Install dependencies if needed:

pip install opencv-python numpy matplotlib

1. Color Spaces

A color space defines how pixel colors are numerically represented. Choosing the right color space for a given task can simplify downstream processing significantly.

1.1 RGB / BGR

Most libraries (PIL, matplotlib, scikit-image) use RGB ordering, but OpenCV defaults to BGR. This historical choice traces back to early OpenCV development when the BGR byte order was common in video capture hardware.

import cv2
import numpy as np
import matplotlib.pyplot as plt

# Load an image (returned in BGR order)
img_bgr = cv2.imread("robot_workspace.jpg")

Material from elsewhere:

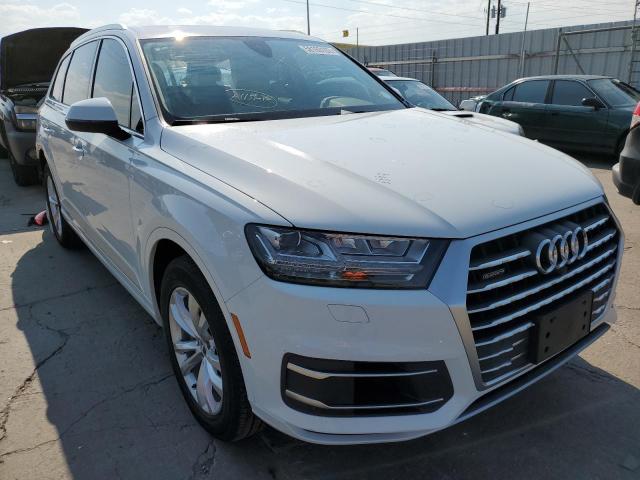 AUDI Q7 PREMIUM 2019 with VIN WA1LAAF78KD004713 - Photo from auction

# Convert BGR -> RGB for correct display with matplotlib
img_rgb = cv2.cvtColor(img_bgr, cv2.COLOR_BGR2RGB)

fig, axes = plt.subplots(1, 2, figsize=(10, 4))
axes[0].imshow(img_bgr)          # wrong colors — channels swapped
axes[0].set_title("Raw BGR (displayed as RGB)")
axes[1].imshow(img_rgb)          # correct colors
axes[1].set_title("Converted RGB")
for ax in axes:
    ax.axis("off")
plt.tight_layout()
plt.show()

Common Pitfall

Forgetting the BGR→RGB conversion before calling plt.imshow() is the #1 beginner mistake in OpenCV + matplotlib workflows. The image will look blueish/reddish.

1.2 HSV / HSL

HSV (Hue, Saturation, Value) separates color (hue) from intensity (value), making it ideal for color-based segmentation—for example, detecting a colored ball or lane markings regardless of lighting.

Channel Range (OpenCV) Meaning
H (Hue) 0–179 Color angle on the wheel
S (Saturation) 0–255 Color purity
V (Value) 0–255 Brightness

Interactive HSV Trackbar Demo

import cv2
import numpy as np

def nothing(x):
    pass

img = cv2.imread("robot_workspace.jpg")
hsv = cv2.cvtColor(img, cv2.COLOR_BGR2HSV)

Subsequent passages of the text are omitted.